Class Of 1964 USAF Academy

Ken's History


There are cardinal dates in every person's life which are forever engraved in memory. One of mine is June 26, 1960. That was the morning that I left Washington National Airport on a Super Constellation for Denver and an awe inspiring, scenic ride early the next morning on a bus to USAFA. About the last enrollment processing event was the swearing-in ceremony concluding with the prophetic words “so help me God”.

A pleasant individual then opened an aluminum and glass door to the cadet upper class welcoming committee waiting beyond on the terrazzo just for us, the current slug of fellow travelers. Things got very fundamental, very fast. I remember, early in that first level of hell, being invited to “gaze at my name tag mister” by one particular personal tutor. Having already been taught that “gazing” was a mortal sin if I did not “intend to buy the place”, I was boresighted to twelve o'clock. But, by invitation I very casually read the name Dixon.

He had famously preceded me to USAFA from my high school in Maryland three years prior but I had never met him. Being a friendly sort, I relaxed, stuck out my right hand and, with a broad grin, said "Hi, I'm Ken Helmig." The rest is mostly fog and push-ups lasting for months.

Still have memories of perpetual hunger, Red Tag Bastards Part I and Part II, The Little Blue Book of Knowledge, Tom LaPlante and the Honor Code. There was also sanctuary. That was the daily Air Power documentary series presented in a cool, dark lecture hall with comfortable seats right after the recital and brief snack mistakenly named “the noon meal”. To this day, if I were to hear a recording of Cronkite introducing AIR POWERRR, I could be snoring before the reverberations quit.
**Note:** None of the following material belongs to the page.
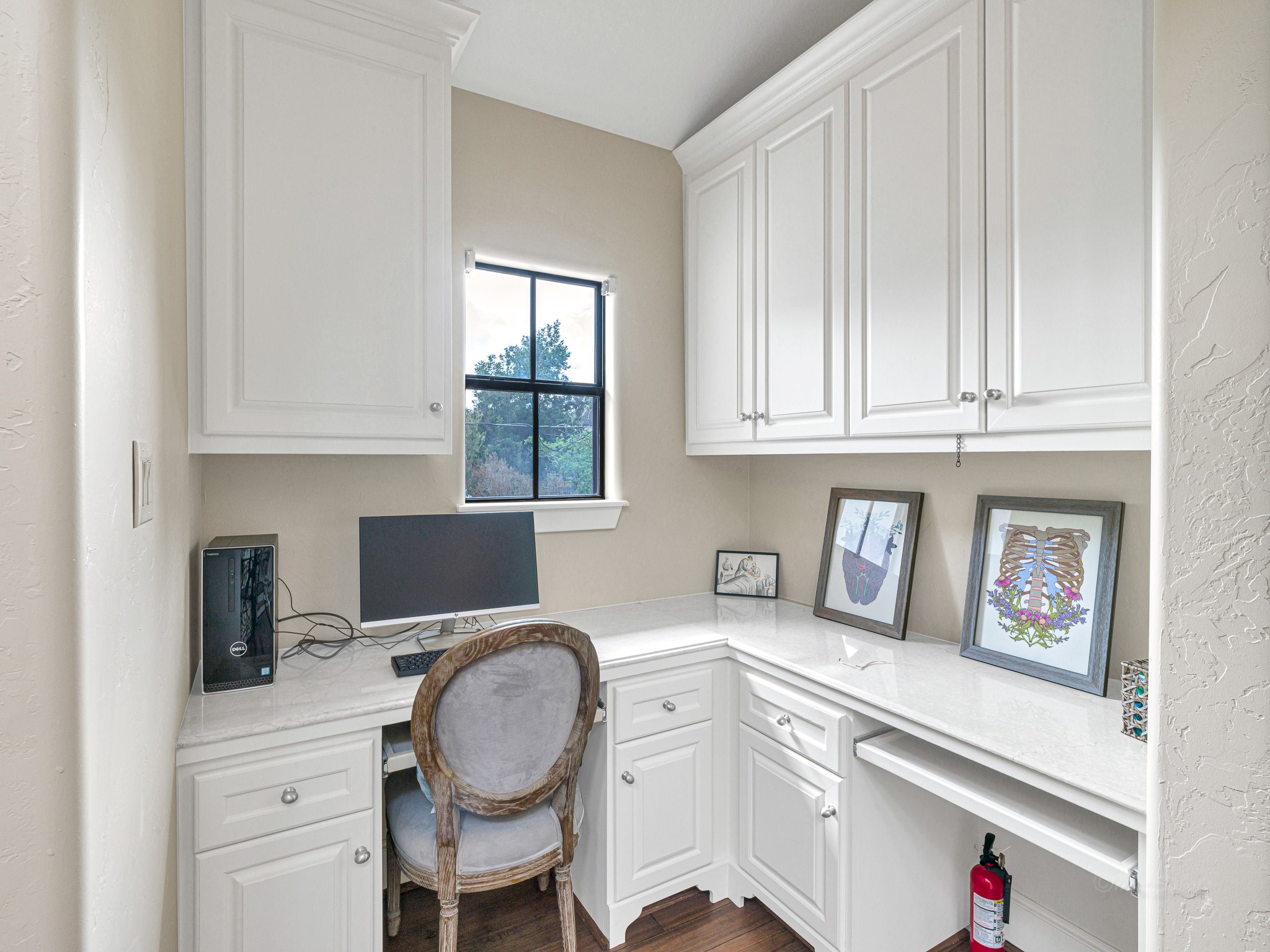 4614 Inker Street Houston, TX 77007 - Photo 28 of 36 A home office nook or kids’ homework space with white cabinetry, ample counter space, and natural light.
We experienced the next four years at the academy as a solid, united class and only the sixth to enter USAFA. But above all we were unique personalities. Not even “the system” could change that. Even though we lived those years of new experiences together as a class, we did it in our own unique ways. And that's what amazed me so often, how truly outstanding the individuals in the class of '64 were even then. I have a profound respect for our class. Another memory was the remarkable and continual flow of historically notable people we met and from whom we learned during those years. That will stay with me forever. Doolittle Raiders, Flying Tigers, Aviation and Space Pioneers, a continual stream of history was there every day. Many were our academic and military instructors, coaches, mentors and role models. They covered the whole age spectrum. Several of the senior NCOs taught me lessons that have stayed with me to this day. Those who used to say an academy education was useful only academically just was not paying attention.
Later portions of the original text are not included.